Ross v. Daniel, 53 N.M. 70, 201 P.2d 993 (1949)

Jan. 13, 1949 · Supreme Court of New Mexico · No. 5152
53 N.M. 70, 201 P.2d 993

201 P.2d 993


No. 5152.

Supreme Court of New Mexico.

Jan. 13, 1949.

*72E. Ray Phelps, of Clayton, and H. M. Rodrick, of Raton, for plaintiff-appellant.

E. P. Ripley, Tax Commission Attorney, of Santa Fe, for intervenor-appellant.

D. A. Paddock, of Clayton, for appellees.

COMPTON, Justice.

This is a suit to quiet title and for an accounting.

Appellant, C. C. Ross, was the owner of the lands in question upon which taxes became delinquent for the year 1934 and which was offered at tax sale commencing December 2, 1935. There was no individual bidder therefor.

On August 18, 1937 the County Treasurer issued a tax sale certificate thereon to the state. Thereafter, on January 26, 1938, the Treasurer assigned the certificate and issued a tax deed to appellee, D. C. Daniel. Subsequently, D. C. Daniel conveyed the premises to appellee, Oscar Oldham, who now claims title thereto.

Appellant Ross asserts his claim in two counts. In the first count it is alleged that he was unable to pay the taxes that had accrued on the premises in order to protect the title. That appellee Daniel for many years had been his family physician and that he placed great trust and confidence in him. That on or about November 25, 1937 it was agreed between them that appellee would buy the tax title and pay all subsequent taxes, thereby preventing the title from falling into the hands of someone in whom appellant had less trust and confidence, and hold the same until such time as appellant was able to reimburse him. It is further alleged that appellant promised to pay on the debt created thereby the sum of $16.00 *73annually, and that on March 15, 1943, having fully reimbursed appellee he demanded a re-conveyance of the title which was refused. Appellant’s prayer was for an accounting and for a re-conveyance of the title upon payment of any sum found to be due “upon the debt created”.
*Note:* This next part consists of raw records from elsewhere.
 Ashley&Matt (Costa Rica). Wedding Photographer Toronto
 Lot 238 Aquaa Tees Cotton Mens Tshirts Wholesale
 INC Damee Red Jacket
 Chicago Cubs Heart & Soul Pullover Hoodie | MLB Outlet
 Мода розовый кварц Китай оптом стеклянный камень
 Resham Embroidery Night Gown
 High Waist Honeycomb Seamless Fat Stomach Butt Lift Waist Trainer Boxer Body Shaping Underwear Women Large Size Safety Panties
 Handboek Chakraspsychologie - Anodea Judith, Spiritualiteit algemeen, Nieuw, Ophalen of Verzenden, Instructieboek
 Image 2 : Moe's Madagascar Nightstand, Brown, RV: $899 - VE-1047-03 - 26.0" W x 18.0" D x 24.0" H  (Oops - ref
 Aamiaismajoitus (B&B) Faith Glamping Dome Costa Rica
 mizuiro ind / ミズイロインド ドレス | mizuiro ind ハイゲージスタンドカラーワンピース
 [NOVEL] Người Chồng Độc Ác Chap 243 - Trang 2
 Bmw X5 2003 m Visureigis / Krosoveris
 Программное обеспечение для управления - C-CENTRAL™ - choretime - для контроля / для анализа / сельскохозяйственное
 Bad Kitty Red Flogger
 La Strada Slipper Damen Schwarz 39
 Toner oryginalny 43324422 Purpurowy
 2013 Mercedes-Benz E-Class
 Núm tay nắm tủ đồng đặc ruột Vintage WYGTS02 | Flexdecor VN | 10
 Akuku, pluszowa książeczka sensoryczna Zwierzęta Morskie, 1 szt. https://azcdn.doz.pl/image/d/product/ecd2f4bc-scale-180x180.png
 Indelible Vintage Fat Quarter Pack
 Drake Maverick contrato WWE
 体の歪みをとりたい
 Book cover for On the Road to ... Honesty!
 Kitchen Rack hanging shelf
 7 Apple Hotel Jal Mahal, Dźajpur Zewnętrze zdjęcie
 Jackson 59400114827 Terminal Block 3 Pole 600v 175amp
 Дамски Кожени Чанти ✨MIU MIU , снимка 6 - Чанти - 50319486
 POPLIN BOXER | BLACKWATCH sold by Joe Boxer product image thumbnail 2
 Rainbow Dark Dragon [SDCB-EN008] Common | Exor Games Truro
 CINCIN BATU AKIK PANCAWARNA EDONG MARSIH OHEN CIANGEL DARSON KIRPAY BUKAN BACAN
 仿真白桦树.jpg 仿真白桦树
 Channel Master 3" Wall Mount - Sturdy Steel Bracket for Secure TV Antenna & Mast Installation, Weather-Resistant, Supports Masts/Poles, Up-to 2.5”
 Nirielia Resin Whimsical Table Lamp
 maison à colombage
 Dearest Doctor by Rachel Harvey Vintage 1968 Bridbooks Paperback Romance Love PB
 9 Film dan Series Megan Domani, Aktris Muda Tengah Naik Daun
In the second count it is alleged that the acts of the County Treasurer in issuing -the tax sale certificate and the delivery of the tax deed to appellee Daniel after the expiration of the period of redemption were ultra vires. Issue was j oined by general denial. By cross-complaint appellee Oldham seeks to quiet title to the premises. Intervenor, State Tax Commission, seeking to quiet title asserts that on the last day of the sale, December 6, 1935, there being no individual bidder therefor, the title passed to the .state and that the state is now the owner subj ect to the preferential right of repurchase.

When the cause came on for hearing appellant Ross moved to dismiss count one which was denied, and over objections, the court admitted evidence to establish claims founded upon a promissory note and for professional services.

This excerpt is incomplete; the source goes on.